• Data section:
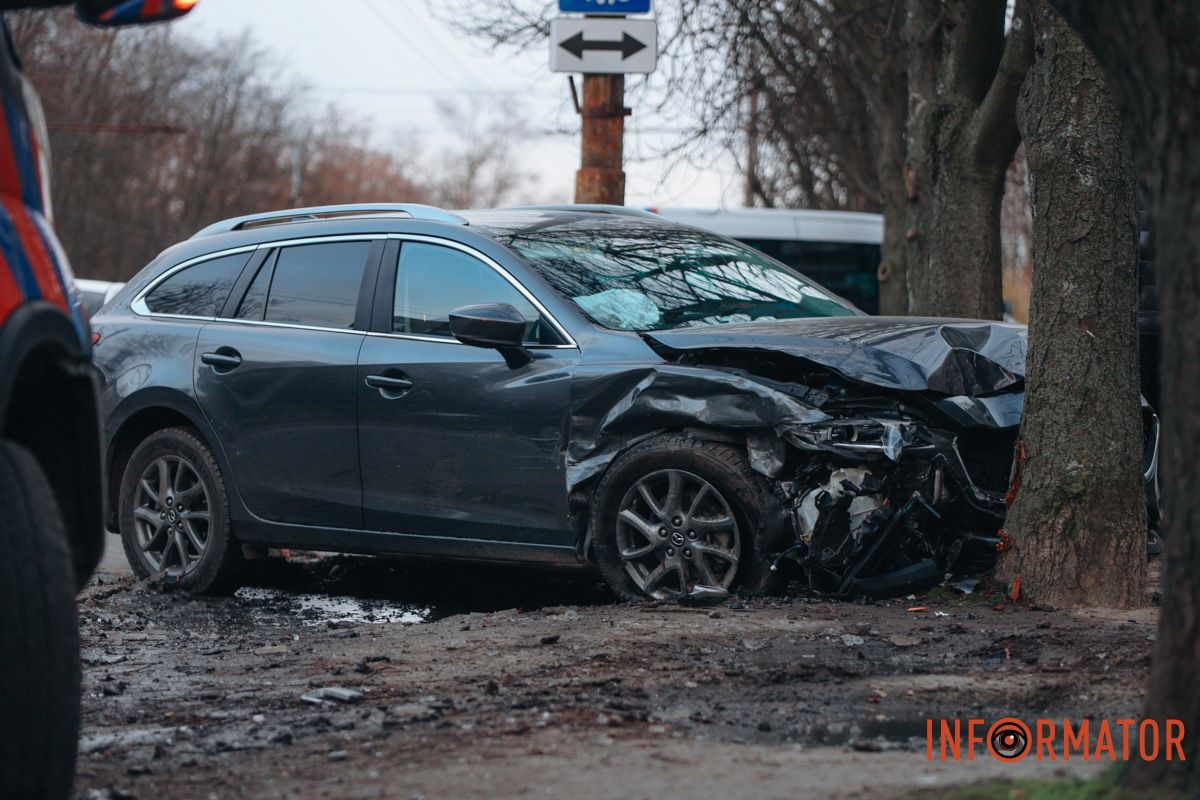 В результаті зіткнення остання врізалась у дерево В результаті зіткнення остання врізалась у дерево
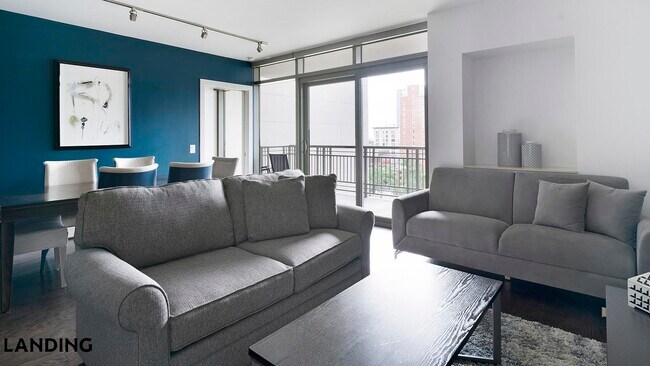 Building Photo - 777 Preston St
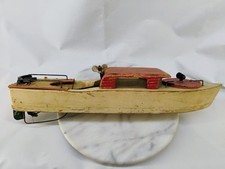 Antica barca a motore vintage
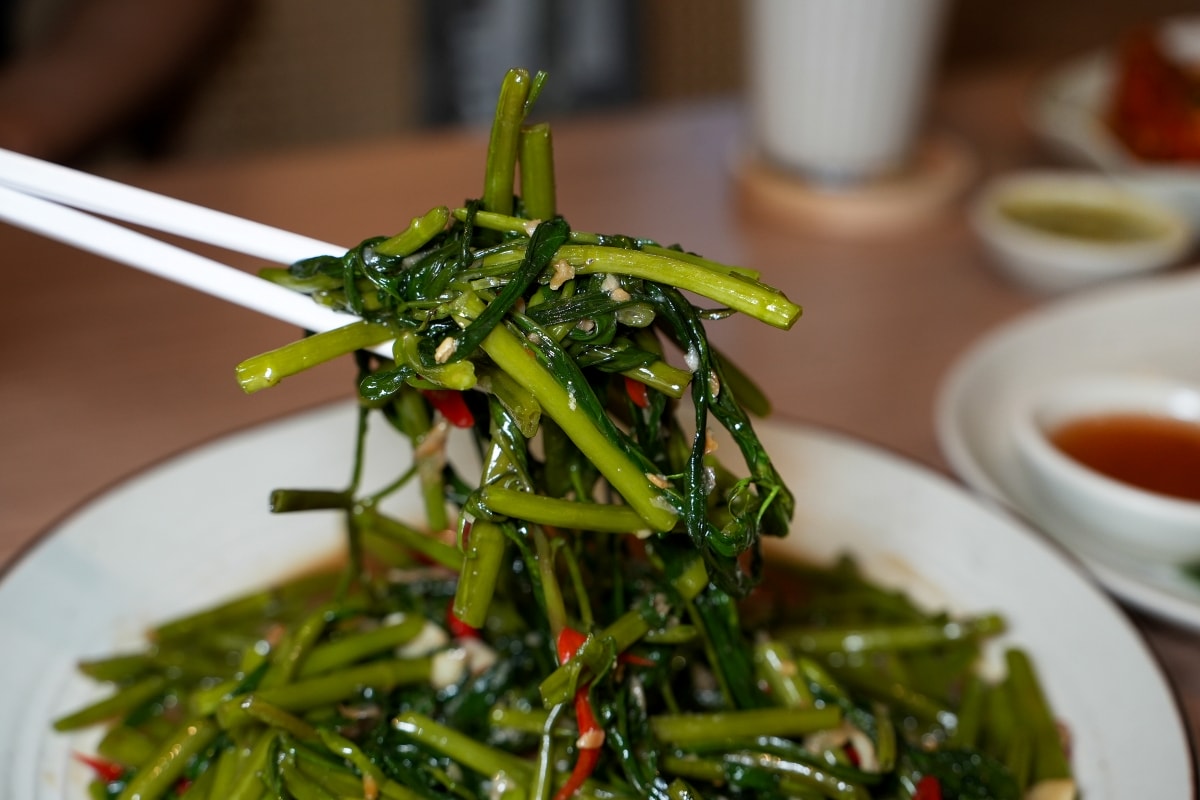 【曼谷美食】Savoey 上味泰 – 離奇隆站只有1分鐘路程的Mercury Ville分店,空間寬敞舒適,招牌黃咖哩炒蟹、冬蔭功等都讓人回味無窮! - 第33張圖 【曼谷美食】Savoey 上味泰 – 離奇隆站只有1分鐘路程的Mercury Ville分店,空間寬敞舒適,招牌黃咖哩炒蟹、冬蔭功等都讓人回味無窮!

• Try it:
Please give all of the material again, exactly, without the images.

• Output:
 В результаті зіткнення остання врізалась у дерево В результаті зіткнення остання врізалась у дерево
 Building Photo - 777 Preston St
 Antica barca a motore vintage
 【曼谷美食】Savoey 上味泰 – 離奇隆站只有1分鐘路程的Mercury Ville分店,空間寬敞舒適,招牌黃咖哩炒蟹、冬蔭功等都讓人回味無窮! - 第33張圖 【曼谷美食】Savoey 上味泰 – 離奇隆站只有1分鐘路程的Mercury Ville分店,空間寬敞舒適,招牌黃咖哩炒蟹、冬蔭功等都讓人回味無窮!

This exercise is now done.